DVD: HANDS OF STONE – Fäuste aus Stein

Boxer aus Panama in den 70ern kriegt den Kanal nicht voll und schlägt sich so durch…

Wahre Geschichte

Filmbiographie über den Boxer Robert Durán. Der wird überzeugend dargestellt von Edgar Ramirez, seine Frau hinreißend von Ana de Armas und der Trainer tatkräftig von Robert de Niro. Vielleicht muss man von Haus aus mehr Interesse am Thema selbst haben, sonst kann es sein, das der Film seine Wirkung verfehlt und man nicht so recht gepackt ist von dem, was man da sieht.

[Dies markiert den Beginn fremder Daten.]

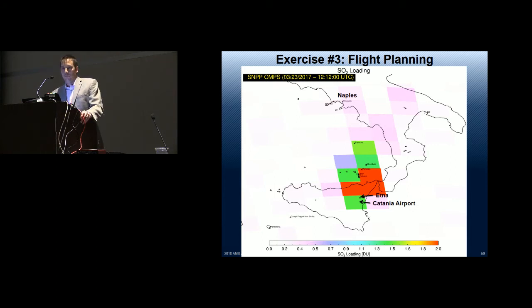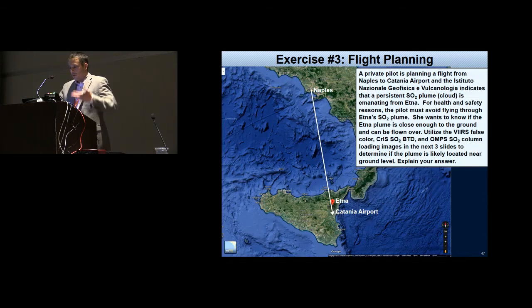A participant asks whether the volcano might have stopped erupting and the SO2 is just lingering. From a single JPSS overpass alone you can't determine whether emissions are continuing or have ceased — you need to measure the situation over time. For Etna, which is well-monitored by the Italian Geophysical Institute, you'd combine their ground-based information with the satellite data to understand the complete picture. In this scenario, the setup already indicated the Geophysical Institute reported a persistent plume emanating from Etna.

Angesichts der beachtlichen Zahl guter Schauspieler ist das dann ein bisschen traurig.

Bonus

Interviews, in denen man ein wenig über die Bedeutung von Robert Durán erfährt.

Mit

Edgar Ramirez, Usher, John Turturro, Ana de Arma, Ellen Barkin, Robert de Niro

Regie: Jonathan Jakubowicz

Hands of Fazit

Wenn man sich für Boxer oder Boxerfilme (vielleicht spielt deswegen „Barton Fink“ John Turturro mit?) interessiert, kann das eine schöne Ergänzung zur Sammlung darstellen, ansonsten kann es sein, dass er seine geballte Kraft bei einem nicht so recht entfalten kann. Ab 20. April 2018 auf DVD und Blu-ray.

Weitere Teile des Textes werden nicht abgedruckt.